# Task prompt
Your answer must be the lines from the start of the records through the line with "Agha Salman, second", exactly as written, without the pictures.

# Records provided
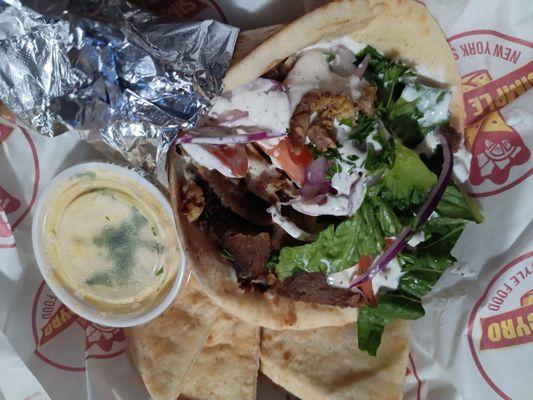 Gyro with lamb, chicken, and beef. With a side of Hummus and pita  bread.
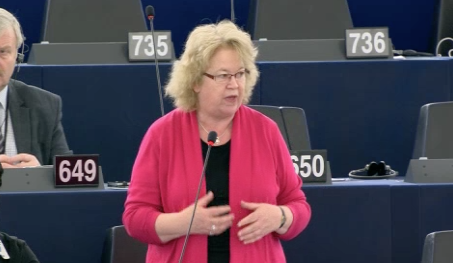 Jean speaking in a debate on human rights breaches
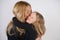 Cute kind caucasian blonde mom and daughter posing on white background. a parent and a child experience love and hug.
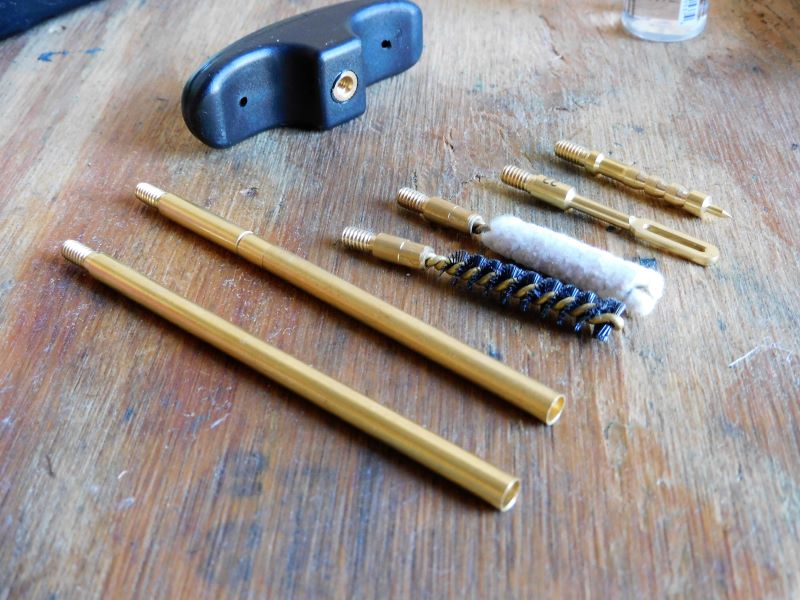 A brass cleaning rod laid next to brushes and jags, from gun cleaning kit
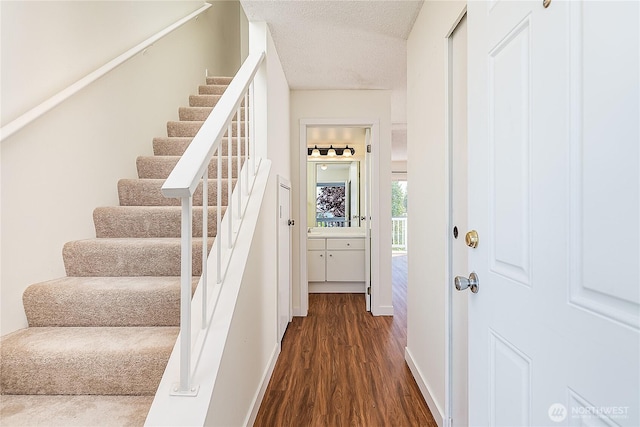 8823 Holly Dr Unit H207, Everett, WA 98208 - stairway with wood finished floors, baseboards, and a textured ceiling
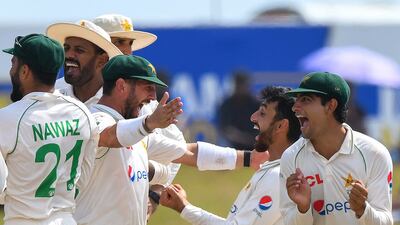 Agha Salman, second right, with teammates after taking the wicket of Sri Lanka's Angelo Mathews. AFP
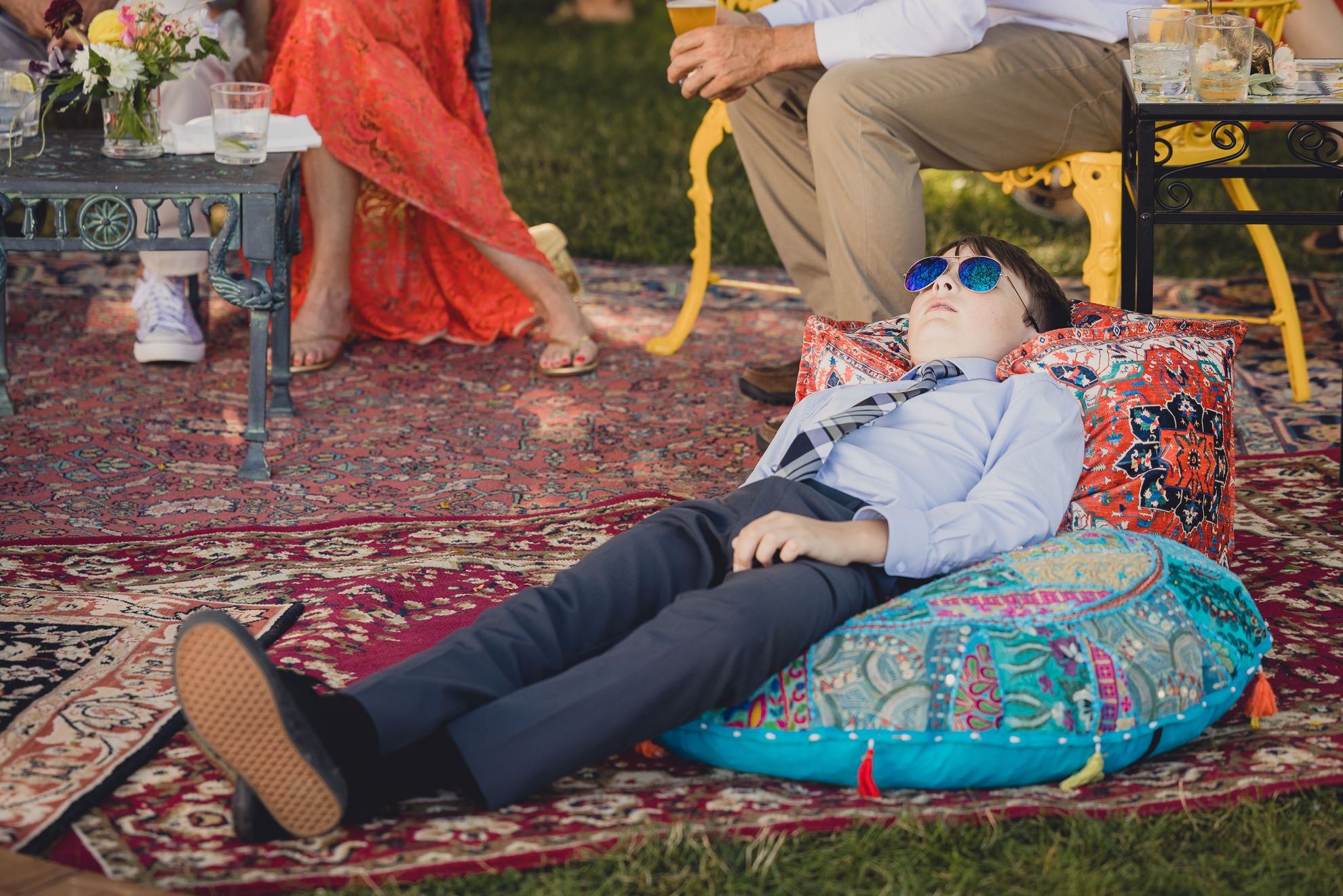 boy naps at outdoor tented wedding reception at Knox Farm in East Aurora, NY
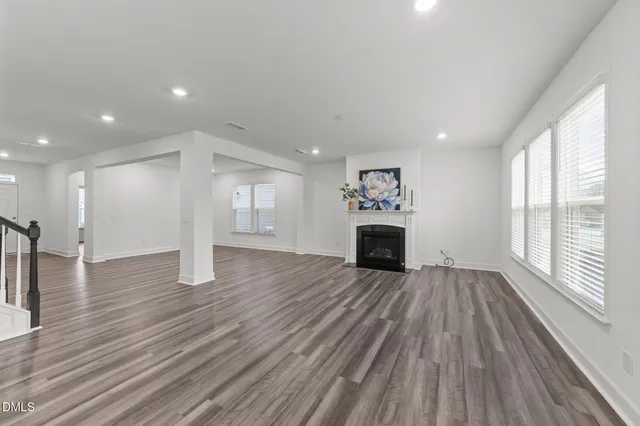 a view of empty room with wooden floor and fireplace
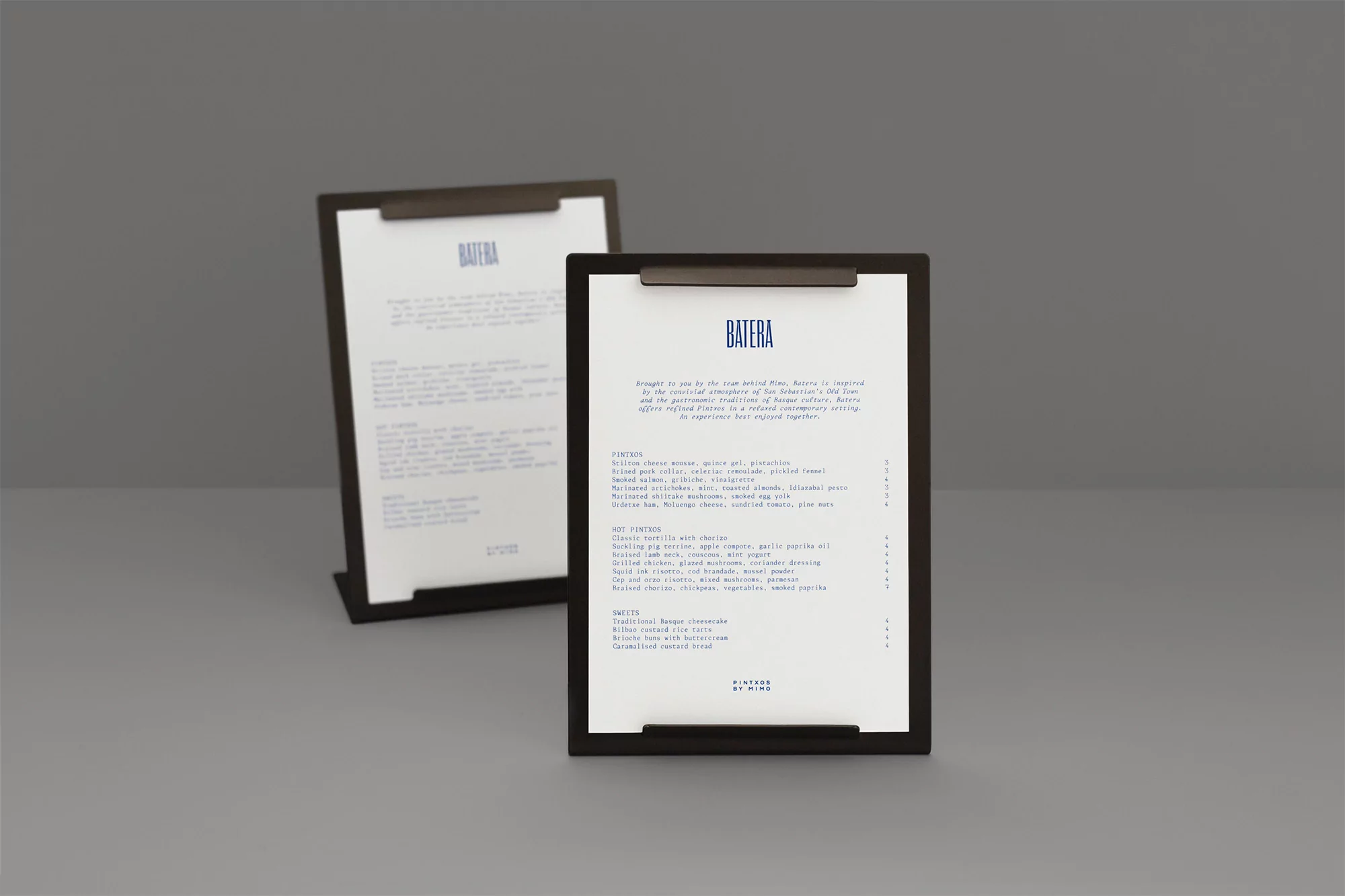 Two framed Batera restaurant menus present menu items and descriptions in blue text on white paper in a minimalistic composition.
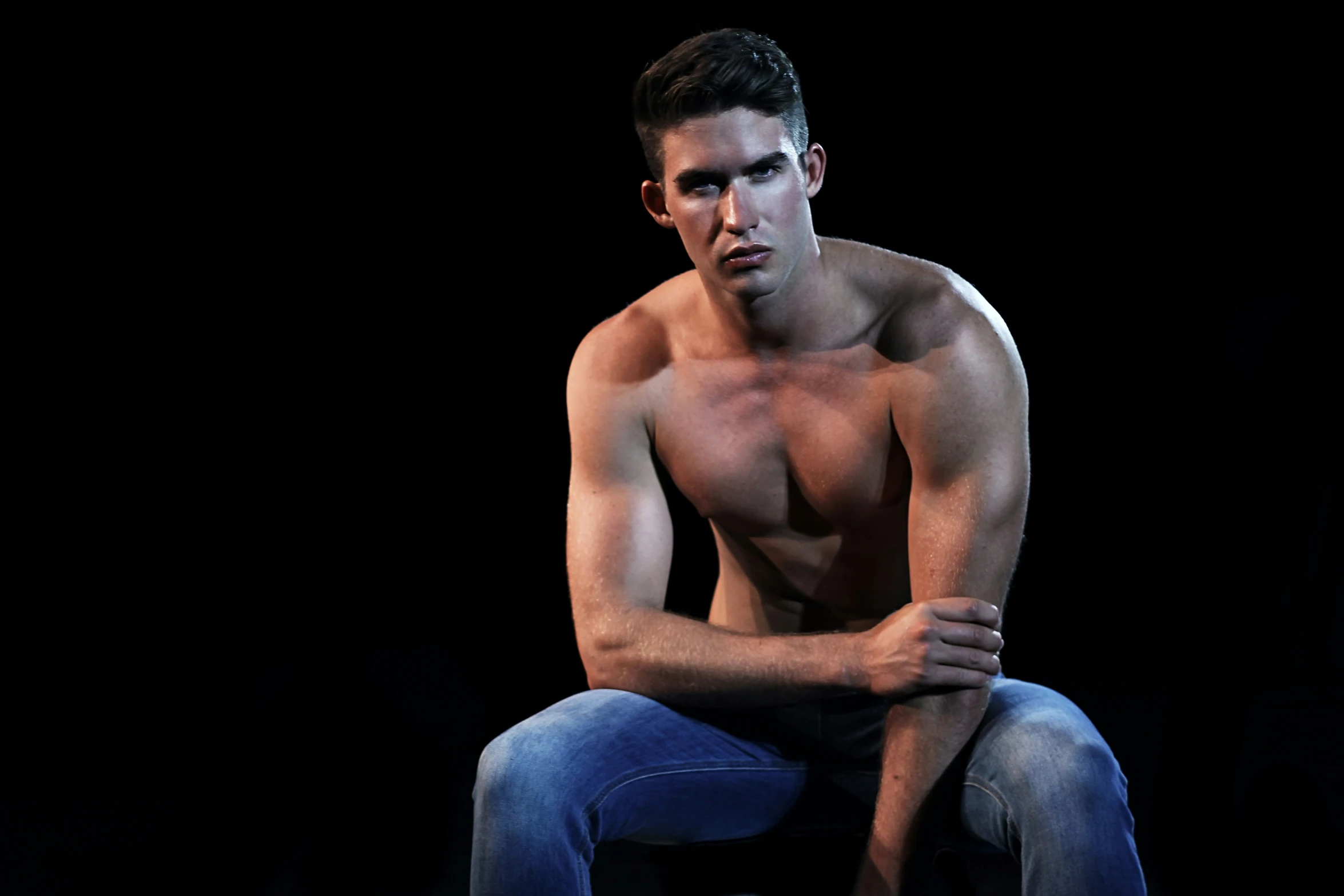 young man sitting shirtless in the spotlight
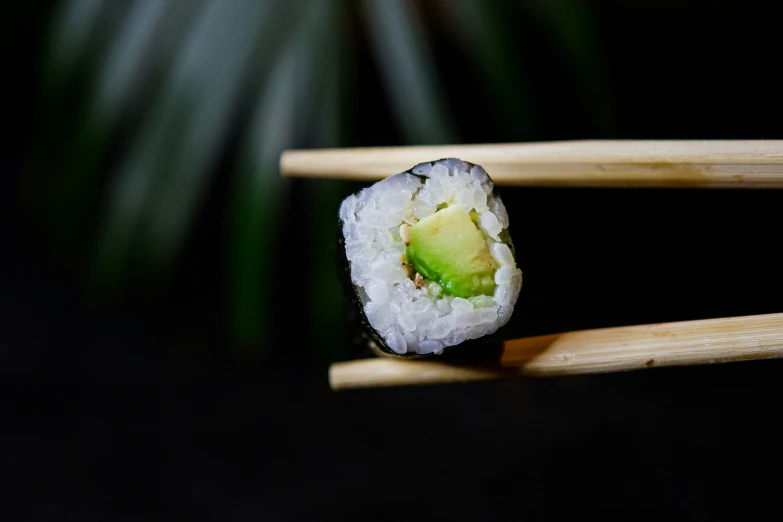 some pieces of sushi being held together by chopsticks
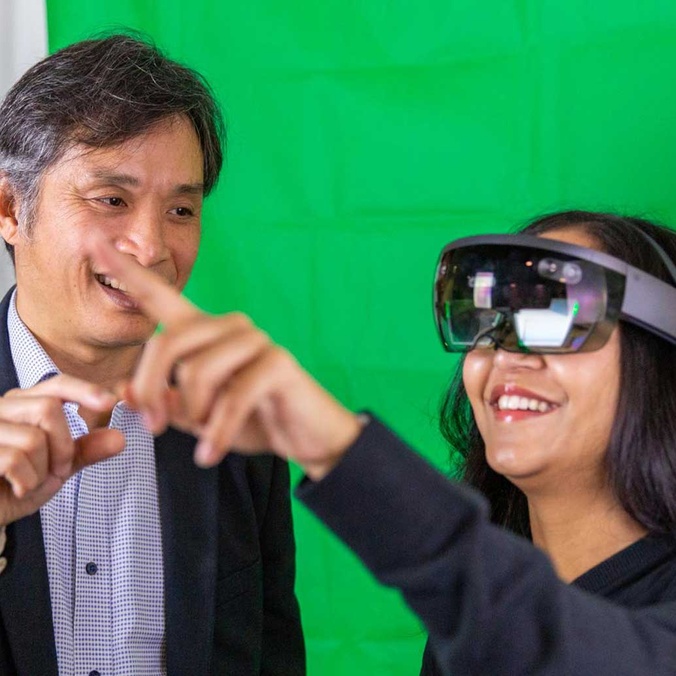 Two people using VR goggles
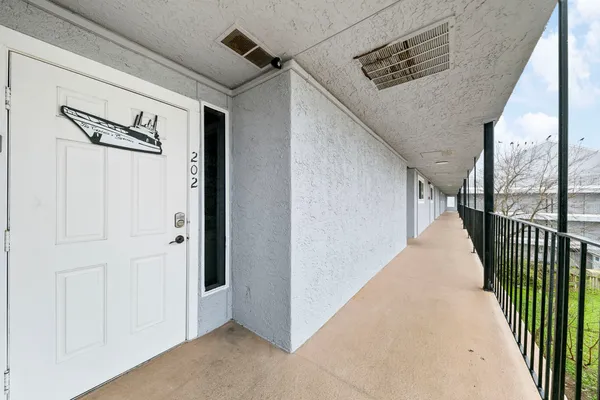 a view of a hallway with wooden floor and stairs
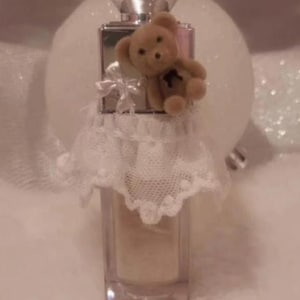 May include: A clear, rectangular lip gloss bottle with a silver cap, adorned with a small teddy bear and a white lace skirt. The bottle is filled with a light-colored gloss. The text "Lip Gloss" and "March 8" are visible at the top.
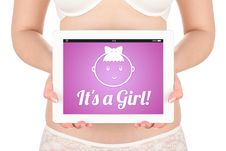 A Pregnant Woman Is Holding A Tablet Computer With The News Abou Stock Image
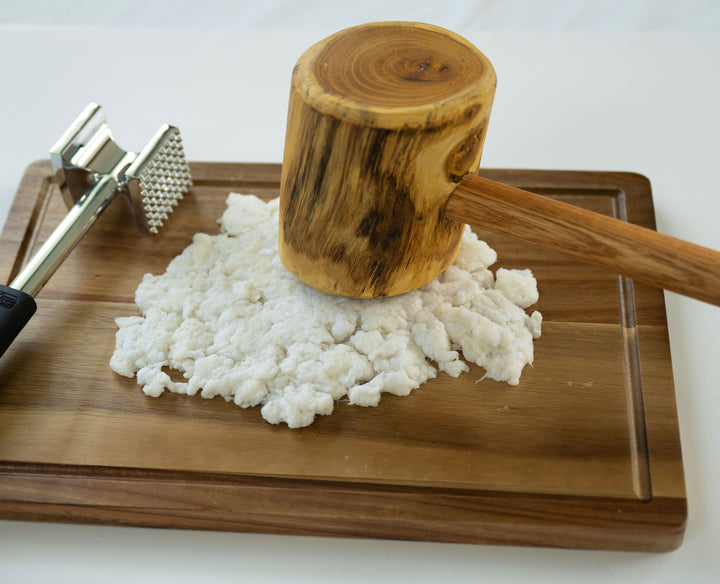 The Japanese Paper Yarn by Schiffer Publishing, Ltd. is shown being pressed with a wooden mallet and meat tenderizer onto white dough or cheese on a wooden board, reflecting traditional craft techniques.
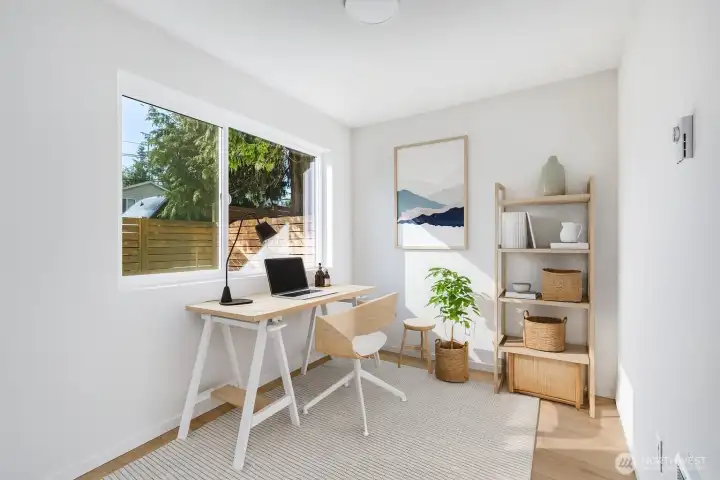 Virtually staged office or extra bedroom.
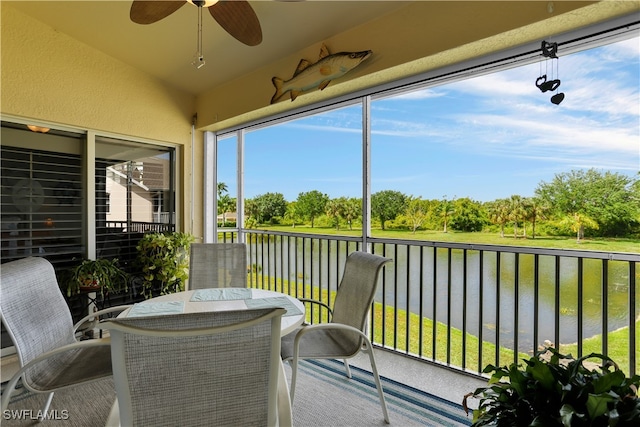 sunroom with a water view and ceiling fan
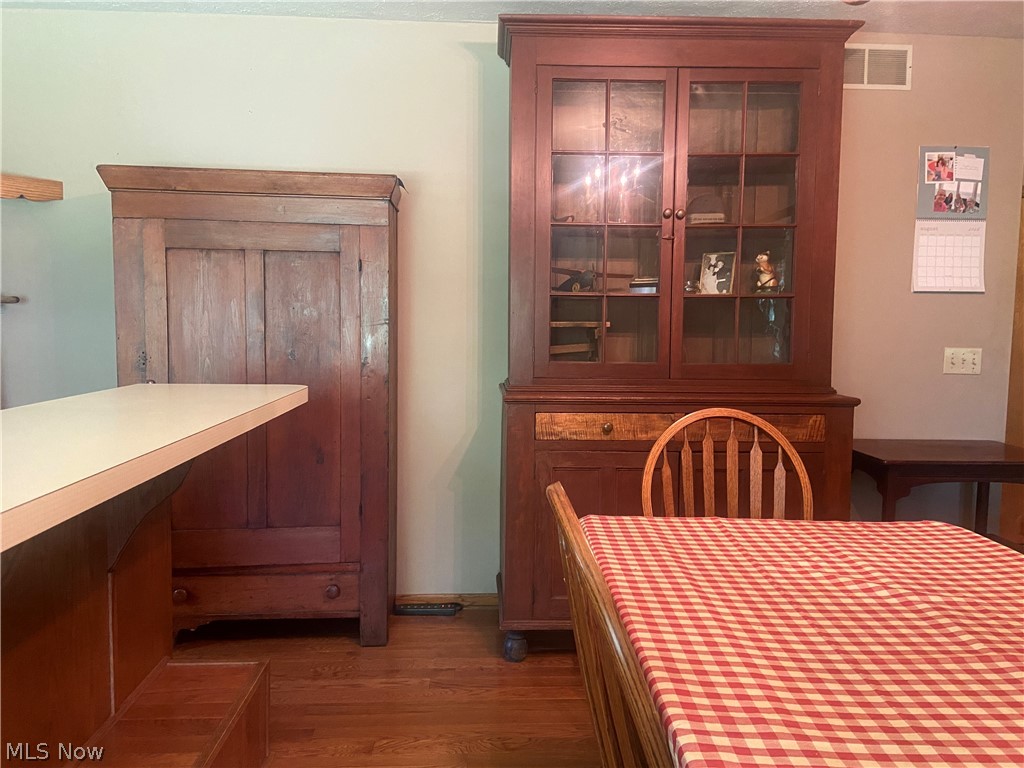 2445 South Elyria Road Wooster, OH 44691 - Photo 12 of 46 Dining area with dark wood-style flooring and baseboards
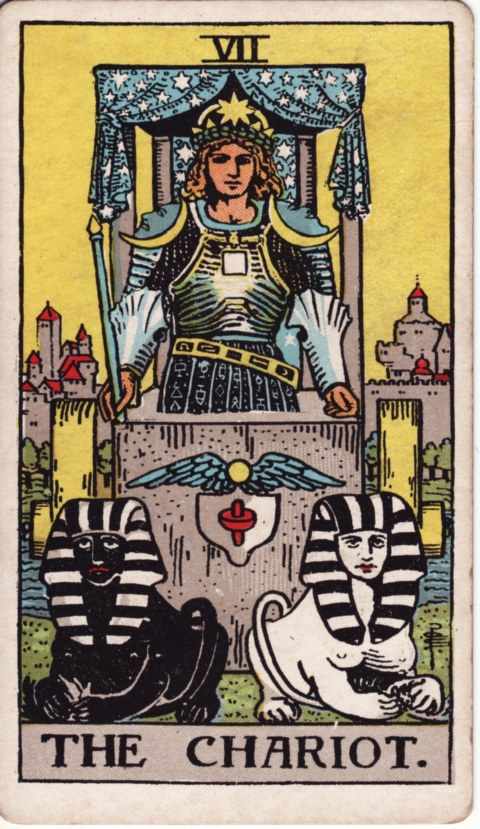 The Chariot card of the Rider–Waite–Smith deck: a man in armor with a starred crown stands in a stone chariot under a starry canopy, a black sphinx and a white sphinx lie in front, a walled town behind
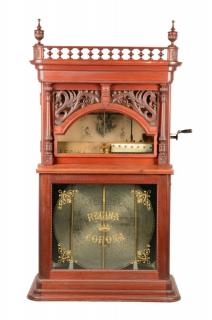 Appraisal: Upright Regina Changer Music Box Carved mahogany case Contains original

# Exercise result
 Gyro with lamb, chicken, and beef. With a side of Hummus and pita  bread.
 Jean speaking in a debate on human rights breaches
 Cute kind caucasian blonde mom and daughter posing on white background. a parent and a child experience love and hug.
 A brass cleaning rod laid next to brushes and jags, from gun cleaning kit
 8823 Holly Dr Unit H207, Everett, WA 98208 - stairway with wood finished floors, baseboards, and a textured ceiling
 Agha Salman, second right, with teammates after taking the wicket of Sri Lanka's Angelo Mathews. AFP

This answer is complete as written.